今季は打率.253、得点圏では打率.486に跳ね上がる

■広島 12ー11 DeNA(19日・東京ドーム)

 DeNAのチーム最年長33歳の大和内野手が、広島のドラフト1位ルーキー・栗林良吏投手からセ・リーグで初めて得点を奪う一打を放った。プロ16年目のベテランは19日現在、今季トータルの打率は.253も、走者を得点圏に置くと.486(37打数18安打)と圧倒的な勝負強さを発揮している。

 めったに見られない猛追劇だった。同日に東京ドームで行われた広島戦。DeNAは4-12と8点ビハインドで迎えた9回、宮崎の満塁弾などで追い上げた。

 3点差に迫り、なおも2死一塁として、ついに相手の守護神・栗林をマウンドに引きずり出すことに成功。しかも楠本が左翼フェンス直撃の適時二塁打を浴びせて2点差。ここで大和がこの回2度目の打席に入った。

 栗林は初球にカーブで見逃しストライクを取った後、6球連続で得意のフォークを投じてきた。大和はファウルで粘りながら、最後はカウント3-2から高めに浮いたところを捉え、しぶとくゴロで三遊間を抜いて二塁走者・楠本を迎え入れた。とうとう1点差である。

 栗林は「デビューから22試合連続無失点」で日本記録を更新。23試合目の13日・オリックス戦で初失点を喫したが、その後は15日・西武戦、前日18日・DeNA戦と無失点。つまり、大和のタイムリーによって、DeNAはセ球団で初めて栗林に失点を付けたのである。結局試合にはあと1点届かず惜敗したが、相手の脳裏にDeNA打線の脅威を刻み込んだことには意義がある。

 大和は「8番・遊撃」でスタメン出場。1点ビハインドの2回には、1死二塁で相手先発・森下のカットボールを左前へ弾き返す同点適時打を放っていた。「追い込まれていた(カウント0-2)ので、最低でも前に打球を飛ばすことを意識していました」といぶし銀の働きに事もなげ。4回1死一、三塁では空振り三振に倒れたものの、この日も3度の得点圏で2度結果を出した。

 いまや“得点圏の神”とも呼ばれる大和だが、今季開幕スタメンにはその名前がなかった。柴田竜拓内野手、倉本寿彦内野手、田中俊太内野手らと二遊間のポジションを争う中で、苦戦を強いられていた。

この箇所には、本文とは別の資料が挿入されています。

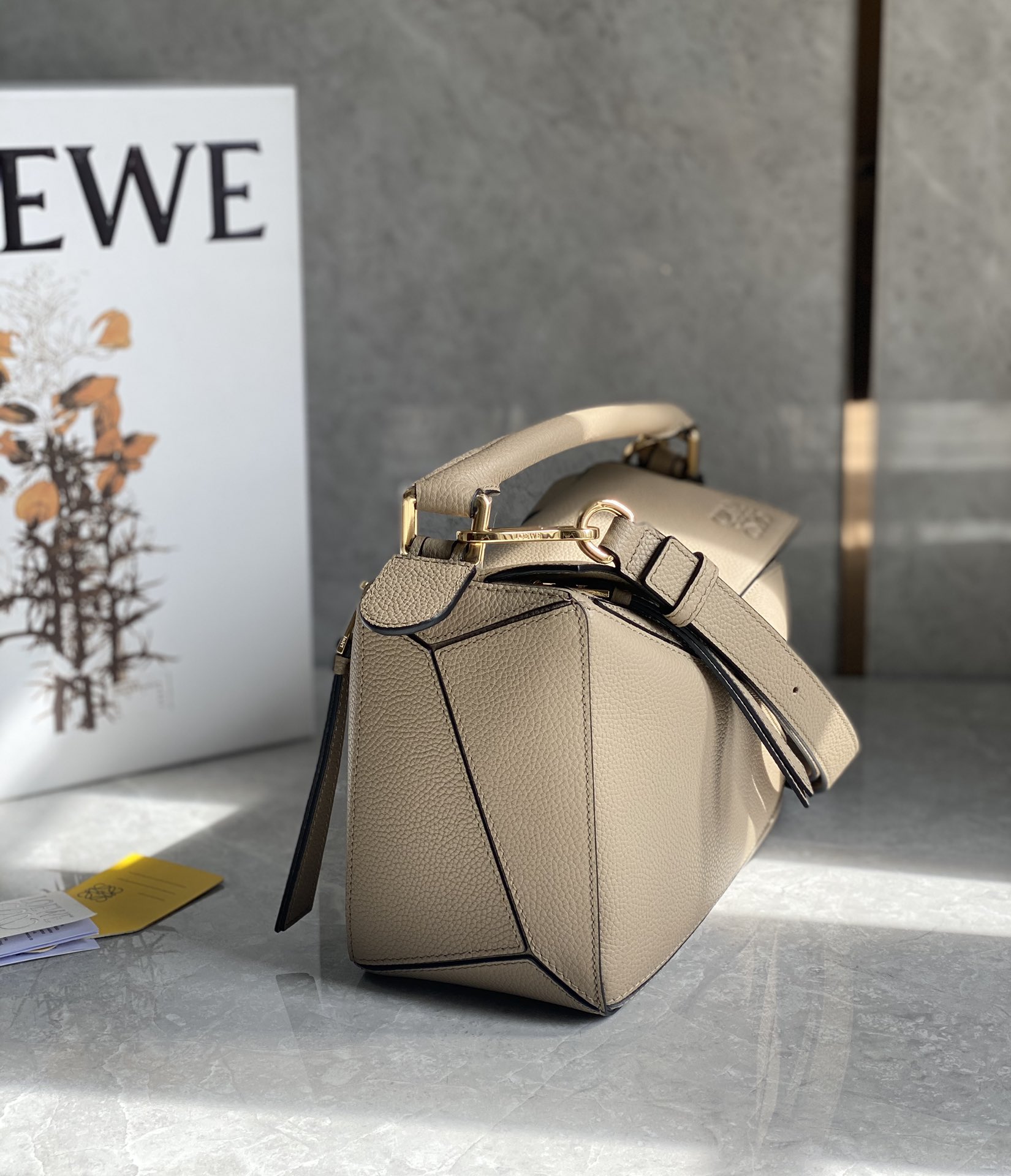 LOEWE罗意威 Puzzle bag 小号几何包 0189沙色24CM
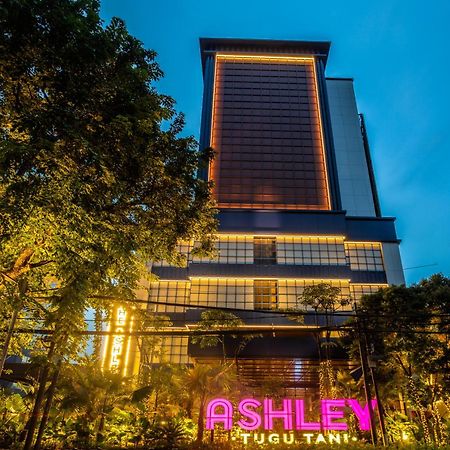 Ashley Tugu Tani Menteng Джакарта Экстерьер фото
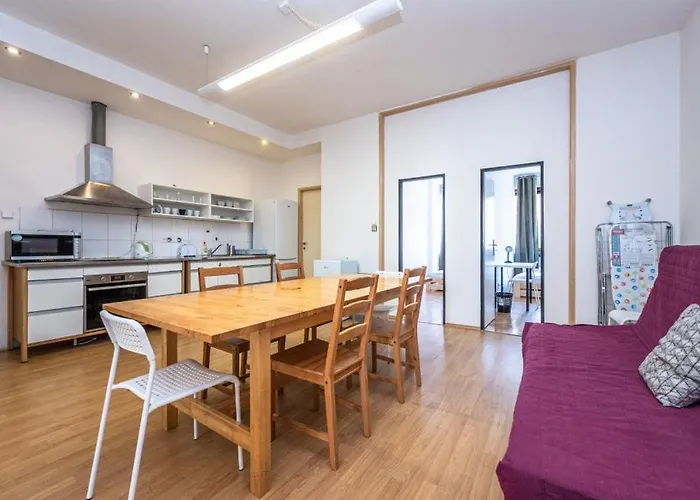 Apartments Stepanska 36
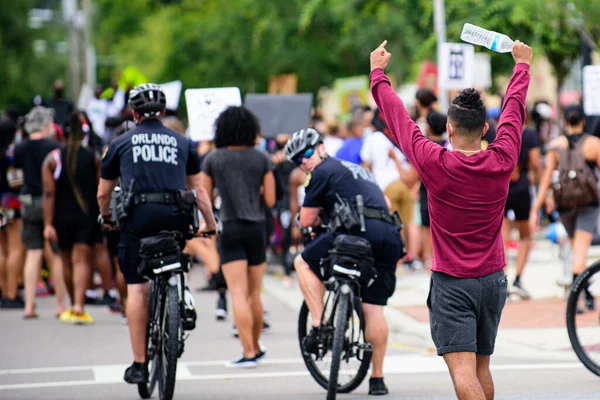 Orlando, FL, USA - 2020. június 19.: Tiltakozás a rendőrség áldozatai ellen és a feketék meggyilkolása ellen. — Stock Fotó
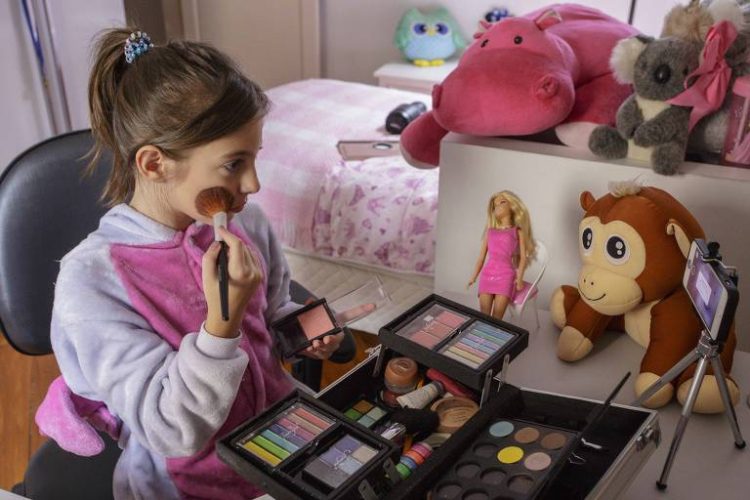 Quando o skincare vira espetáculo: os riscos psico‑sociais e físicos das “Sephora Kids”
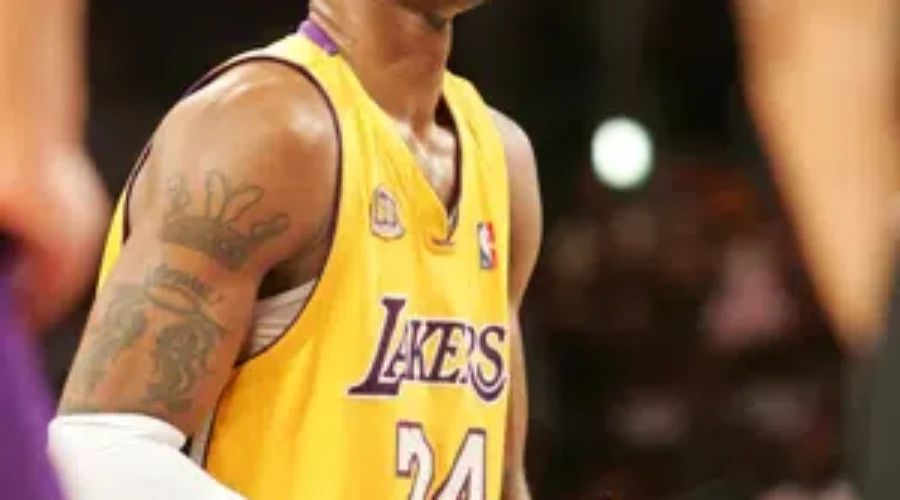 Kobe Bryant Dies in Helicopter Crash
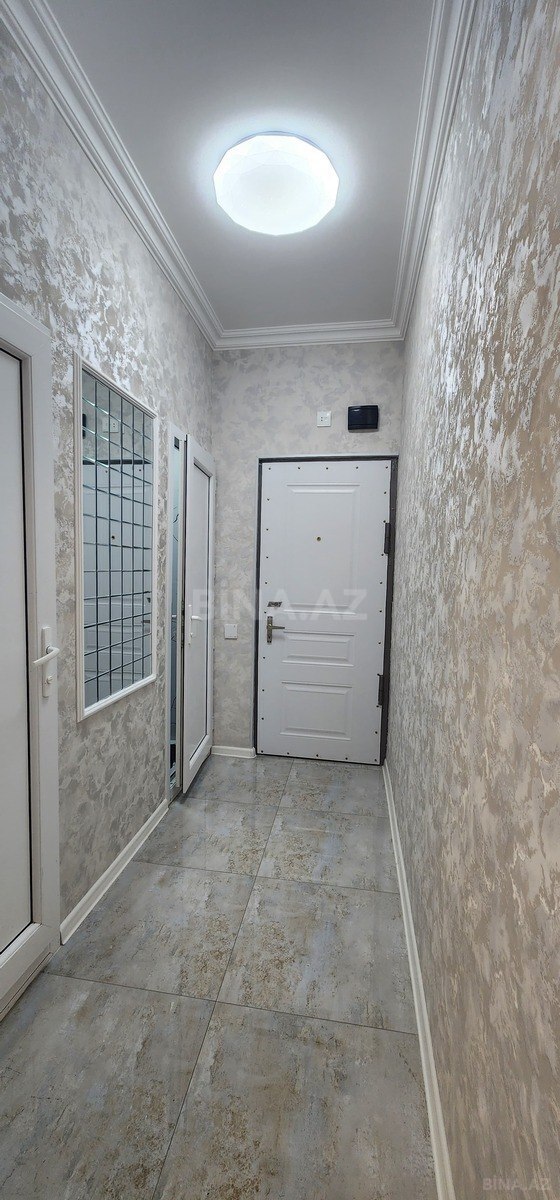 3 otaqlı Köhnə tikili, Memar Əcəmi m., Bakı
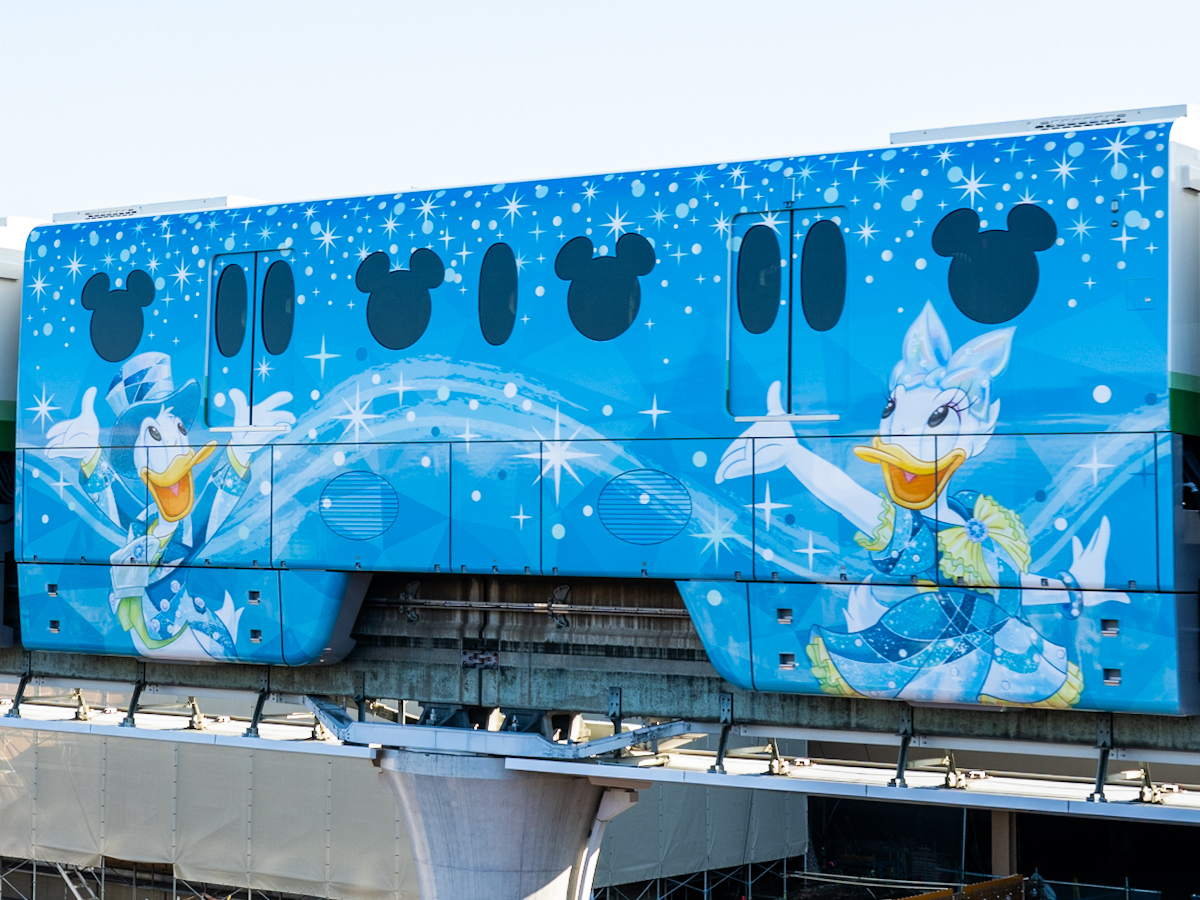 ディズニーリゾートライン「東京ディズニーシー25周年“スパークリング・ジュビリー”ライナー」 ドナルド、デイジー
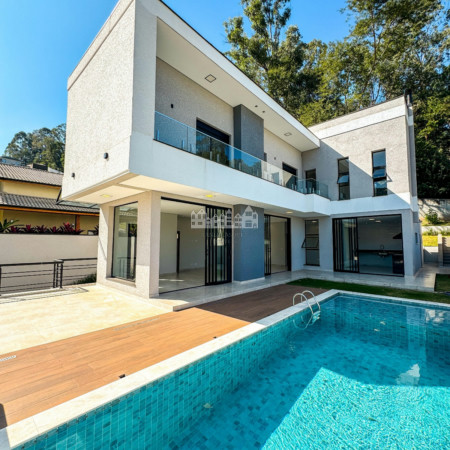 Casa à venda com 3 quartos, sendo 3 suítes, no Condomínio Quintas da Boa Vista, Atibaia - SP
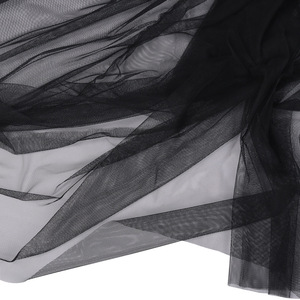 Costume di Halloween per Donne Mantello con Cappuccio in Tulle Nero Bianco Rosso da Sposa Lunghezza Pavimento Morbido Mantello in Rete - Product Image 6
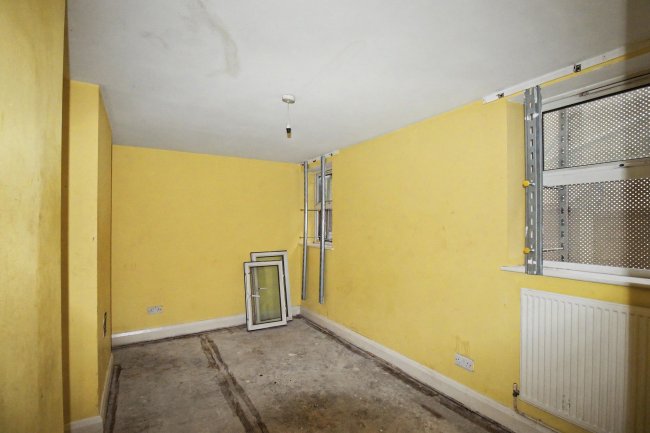 Ground Floor Flat, 393 High Road, London E11 4JT 9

 しかし、柴田、倉本が負傷で戦列を離れた。さらに交流戦が始まった5月25日以降、それまで2番を打つことが多かった大和が8番(DH制のパ・リーグ本拠地では9番)に定着し、走者を返す役割に徹すると、最下位を“独走”していたチームが急上昇。劣勢でも諦めずに奮闘したベテランは、“逆転”の糸口をつかみ、今やチームに不可欠の存在となった。

 もっとも、プロの世界の一寸先は闇。この日から、負傷の癒えた柴田が約2か月ぶりに1軍合流。大和は再び気の抜けないポジション争いにも立ち向かうことになる。その生き様から目が離せない。